“不过!他划了根火柴点烟!就亮了那么一下!”
“你看到了什么?”
“手!”王德福比划了一下,
“他拿火柴的那只手,手指头特别细长,白得跟大姑娘似的,手背上干干净净。林工,我干了一辈子锻工我敢保证,那绝对不是一双干过粗活的手!那就是个养尊处优的文职官老爷!”
黑呢子大衣,细长的白手,不动声色却能让外军士兵听命行事……
林娇玥的脑海中,瞬间勾勒出了一个幕后执棋者的侧影。
“老关”!
这绝对就是那个蛰伏在省厅甚至更高层、连马科长都只能单线联系的保护伞“老关”!这帮蛀虫把国家的心血扒下来,就是通过这双白净的手,递给了国境线另一头的豺狼!
想到这里,林娇玥的大脑如最高速运转的计算机,瞬间调取出了刚刚王德福提到的一个时间节点,“腊月二十三”。
她在脑子里飞速换算了一下日期:去年腊月二十三,对应的是公历二月上旬。
不对。
她和父亲熬夜盘账,分明已经锁定了走私车队的铁律,“每月公历5号、15号、25号”。而腊月二十三,根本不在“逢五”的固定班期上!
林娇玥眼底闪过一丝骇人的精芒。
这说明什么?
王德福出车的那天晚上,根本不在走私集团的常规计划内,那是一次被迫发车的“加塞急单”吗?
能让老关这种行事谨慎、深居简出的省级大鬼,冒着打破规律的风险亲自到边境线上去押阵交接……说明敌方工业体系对极品钢材的渴望与消耗,远比预想的还要恐怖!
这网底下,埋的不是鱼,是吃人的史前巨鳄!
“我当时吓得腿都软了……”
王德福没察觉到林娇玥眼底的风暴,只是胡乱地用袖口抹了一把脸上的冷汗,声音越来越碎,透着无尽的懊悔:
“卸完货,跟见鬼了一样掉头就跑。回了厂里,钱保国往我兜里塞了五十块钱,拿枪管子顶着我的后腰,恶狠狠地警告我把嘴永远闭上……”

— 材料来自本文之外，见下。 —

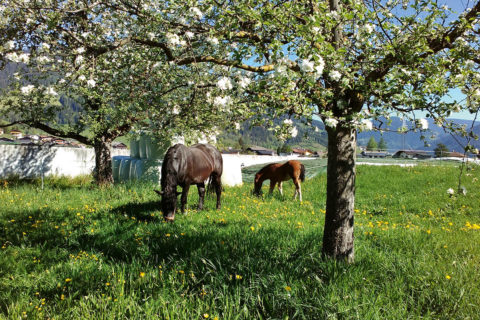 Tiere Bauernhofurlaub Flachau Salzburg 2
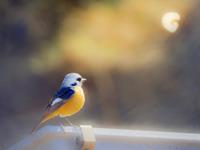 紫微斗数看爱自寻烦恼的人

“五十块钱买命,你也真敢拿。”林娇玥的思绪猛然收回,声音冰寒。
“我……我拿了那钱,给我老娘买了治肺痨的进口西药。她那阵子咳血咳得连床都下不了啊……林工,我真不是贪图那个脏钱,我是被逼得实在没有活路了!我一想到那是送给志愿军造大炮的钢……我这心,像被油煎了一样啊!”
老工人终于绷不住了,捂着脸压抑地痛哭起来。
“王德福!”
林娇玥骤然拔高了音量,清冷的嗓音犹如当头棒喝,瞬间止住了老工人的泣不成声。
她站起身,双手撑在桌面上,居高临下地注视着眼前这个被生活压弯了脊梁的老人。
“这番话,你现在必须一字不落地再说一遍,但不是对我讲。”林娇玥的语气斩钉截铁,“你要去军法处的审讯室,对着严组长讲!你,敢不敢去?”